(Data shown begins)

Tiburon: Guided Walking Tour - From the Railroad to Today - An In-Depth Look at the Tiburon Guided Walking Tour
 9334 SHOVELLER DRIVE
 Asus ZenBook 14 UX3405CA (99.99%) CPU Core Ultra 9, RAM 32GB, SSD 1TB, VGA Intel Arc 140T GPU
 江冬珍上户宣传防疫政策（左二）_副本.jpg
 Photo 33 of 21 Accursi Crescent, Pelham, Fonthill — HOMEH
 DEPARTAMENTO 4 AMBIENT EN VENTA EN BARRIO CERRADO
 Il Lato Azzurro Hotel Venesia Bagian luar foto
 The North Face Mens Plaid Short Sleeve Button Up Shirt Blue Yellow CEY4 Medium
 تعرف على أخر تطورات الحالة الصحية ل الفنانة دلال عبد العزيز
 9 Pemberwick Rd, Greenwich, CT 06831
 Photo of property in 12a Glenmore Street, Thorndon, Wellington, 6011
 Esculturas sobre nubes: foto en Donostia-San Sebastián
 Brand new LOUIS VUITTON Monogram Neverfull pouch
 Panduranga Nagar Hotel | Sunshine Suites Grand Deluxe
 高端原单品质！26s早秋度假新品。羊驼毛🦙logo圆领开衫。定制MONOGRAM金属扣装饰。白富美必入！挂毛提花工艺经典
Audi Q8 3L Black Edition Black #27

(Data shown ends)

- What needs to be done:
Please extract exactly, and only, the lines from the line containing "高端原单品质！26s早秋度假" through the last line of the records.

- Answer for the task:
 高端原单品质！26s早秋度假新品。羊驼毛🦙logo圆领开衫。定制MONOGRAM金属扣装饰。白富美必入！挂毛提花工艺经典
Audi Q8 3L Black Edition Black #27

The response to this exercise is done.